Does your child’s sleeping space promote sleep? Whether your child shares a room or sleeps alone, there are steps you can take to support good sleeping habits. Take the sleep zone quiz to discover ways to make a good night’s sleep even better!

Read each statement, then decide (yes or no) if it describes your child’s sleeping environment:

There are no TVs or computer screens in the room. Good for you! With the TV and computer in another room, kids are less likely to stay up late staring at screens.

We turn off all screens at least 30 minutes before bedtime. Yeah! You prioritize your sleep! Any screen activity—video games, computers, or cell phones—before bed can rev you up and make it hard to fall asleep.

The room is dark. Your body naturally senses light and wakes up. So the darker you can make the sleeping area, the better the sleep.

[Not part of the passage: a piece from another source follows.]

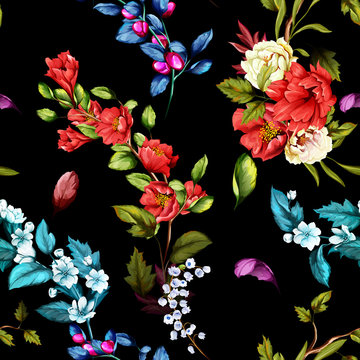 Seamless background pattern. Wild flowers, pomegranate buds, lily of the valley with branch and leaves. Watercolor, hand drawn.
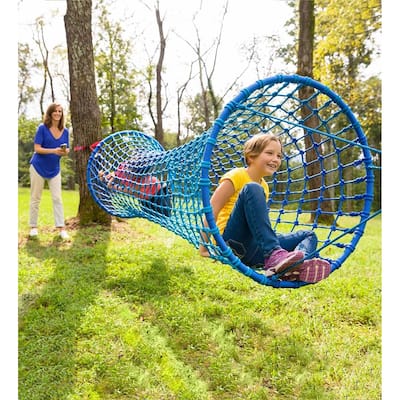 HearthSong Blue Wave Hanging Woven Rope Tunnel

Of course, if your child prefers to have some light, like a nightlight, that's okay. Just make sure the light is not too bright.

The room is a comfy temperature for sleep. Being too hot or cold can keep your child from sleeping. Cold feet make it particularly hard to fall asleep. Got cold feet? Sleep with socks on. Too hot?  Try putting a fan in the room.

You save wild colors—like neon pink or fluorescent green—for clothes and accessories, not walls or curtains. Maybe your child’s favorite colors are bold and bright. But for good sleep, stick with wall and curtain colors that are calming like soft grey, cool white, pale beige, calm blue, or any soft tone in a color that they like.

The room is tidy and clean. Believe it or not, clutter and dirt can interrupt sleep. Go ahead and pile stuffed animals on the bed during the day, but at night, make space to stretch out and snooze. Make picking up dirty clothes and putting the toys away part of a bedtime routine. Not only will you sleep better, but you don’t have to worry about tripping over things!

How many statements did you answer “yes” to?  Check your total score to learn more about what you can do to create sleep zones in your home:

5 to 6 = Congratulations! Your child(ren) snooze the night away in a sleep zone!

3 to 4 = The sleeping area is very close to being a sleep zone. Reread the quiz and decide what you can do to improve the space.

0 to 2 = You and your child(ren) may be too tired to make a lot of changes all at once. Try to accomplish one at a time. The more of these suggestions you can try, the closer you are to sleeping perfection!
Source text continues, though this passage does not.